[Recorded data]
:::
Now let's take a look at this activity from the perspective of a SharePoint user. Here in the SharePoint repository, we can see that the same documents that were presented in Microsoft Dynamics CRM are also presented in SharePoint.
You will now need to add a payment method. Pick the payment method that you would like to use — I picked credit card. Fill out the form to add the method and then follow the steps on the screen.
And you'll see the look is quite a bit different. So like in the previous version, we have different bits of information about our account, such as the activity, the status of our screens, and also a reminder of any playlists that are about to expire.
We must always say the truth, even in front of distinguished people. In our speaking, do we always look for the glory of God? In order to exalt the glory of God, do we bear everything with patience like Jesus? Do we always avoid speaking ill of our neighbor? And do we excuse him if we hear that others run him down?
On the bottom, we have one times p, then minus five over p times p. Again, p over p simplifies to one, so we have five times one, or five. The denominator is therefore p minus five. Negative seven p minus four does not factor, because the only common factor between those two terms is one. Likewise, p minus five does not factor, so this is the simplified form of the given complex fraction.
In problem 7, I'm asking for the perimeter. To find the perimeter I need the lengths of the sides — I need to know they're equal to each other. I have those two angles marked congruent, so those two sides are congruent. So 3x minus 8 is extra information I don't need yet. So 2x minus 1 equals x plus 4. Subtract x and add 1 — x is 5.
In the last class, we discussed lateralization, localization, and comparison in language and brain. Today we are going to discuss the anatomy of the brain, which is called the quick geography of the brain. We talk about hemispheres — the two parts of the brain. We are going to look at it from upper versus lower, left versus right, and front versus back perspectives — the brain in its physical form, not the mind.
:::
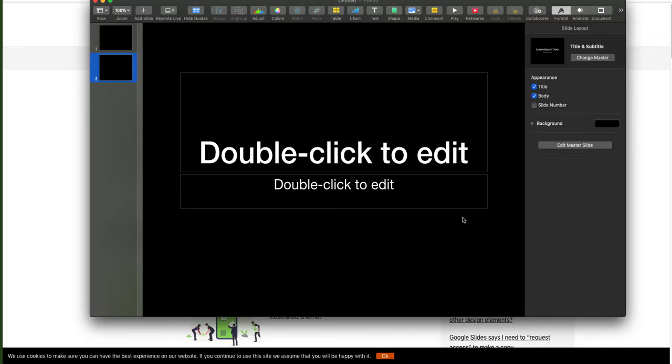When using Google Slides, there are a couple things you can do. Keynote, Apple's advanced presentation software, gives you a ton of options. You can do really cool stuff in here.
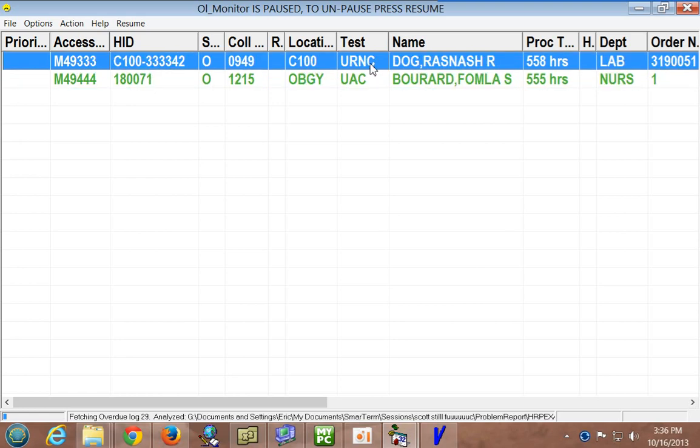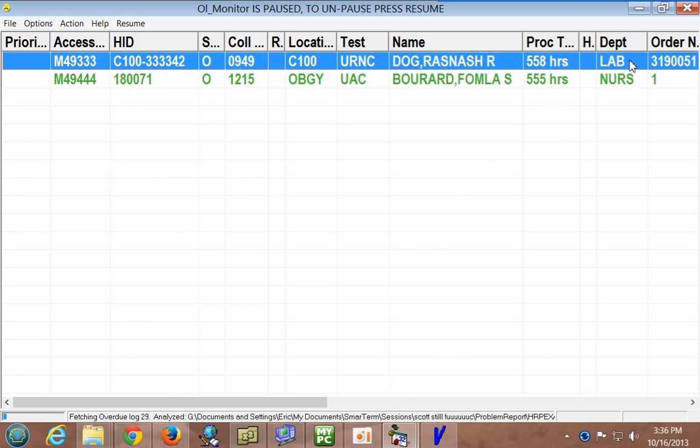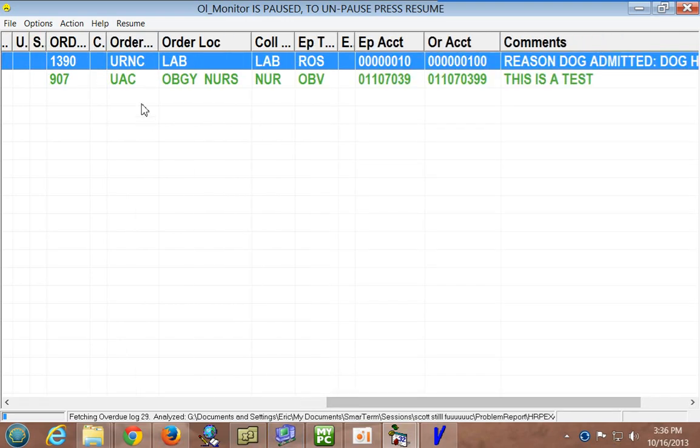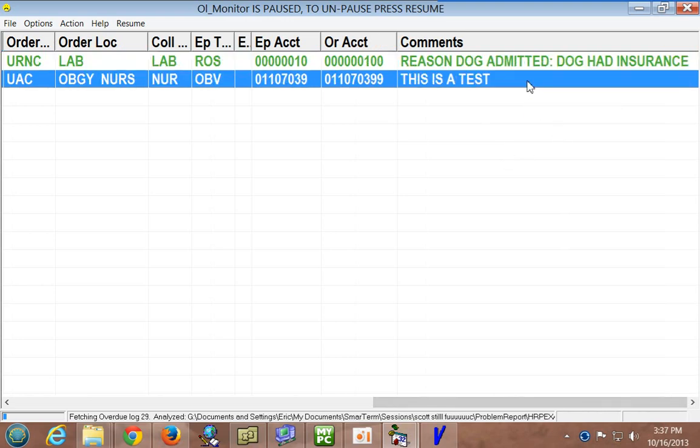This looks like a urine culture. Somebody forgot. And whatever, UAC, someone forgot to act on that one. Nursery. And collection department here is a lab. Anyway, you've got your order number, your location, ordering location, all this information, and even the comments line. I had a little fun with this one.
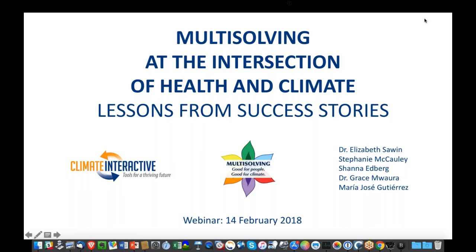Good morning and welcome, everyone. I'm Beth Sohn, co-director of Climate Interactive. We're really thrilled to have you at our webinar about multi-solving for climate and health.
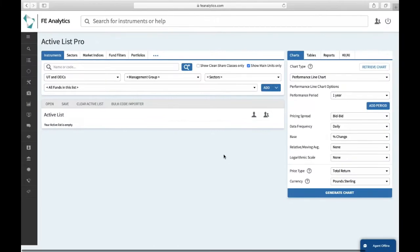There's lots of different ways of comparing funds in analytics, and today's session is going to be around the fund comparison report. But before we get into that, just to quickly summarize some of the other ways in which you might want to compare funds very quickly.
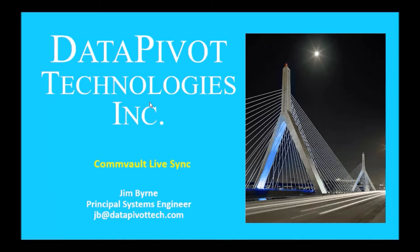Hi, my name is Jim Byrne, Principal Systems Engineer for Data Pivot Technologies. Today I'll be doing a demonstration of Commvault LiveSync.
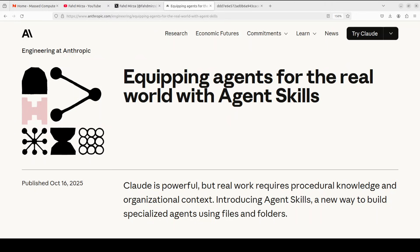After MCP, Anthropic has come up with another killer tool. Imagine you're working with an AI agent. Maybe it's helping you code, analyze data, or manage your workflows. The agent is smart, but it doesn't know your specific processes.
:::
> [ACTION ITEM]
Retype only the lines above between the line with "We must always" and the line with "In problem 7, I'm", counting those two lines as well, and keep every character as it is.

> [WRITTEN REPLY]
We must always say the truth, even in front of distinguished people. In our speaking, do we always look for the glory of God? In order to exalt the glory of God, do we bear everything with patience like Jesus? Do we always avoid speaking ill of our neighbor? And do we excuse him if we hear that others run him down?
On the bottom, we have one times p, then minus five over p times p. Again, p over p simplifies to one, so we have five times one, or five. The denominator is therefore p minus five. Negative seven p minus four does not factor, because the only common factor between those two terms is one. Likewise, p minus five does not factor, so this is the simplified form of the given complex fraction.
In problem 7, I'm asking for the perimeter. To find the perimeter I need the lengths of the sides — I need to know they're equal to each other. I have those two angles marked congruent, so those two sides are congruent. So 3x minus 8 is extra information I don't need yet. So 2x minus 1 equals x plus 4. Subtract x and add 1 — x is 5.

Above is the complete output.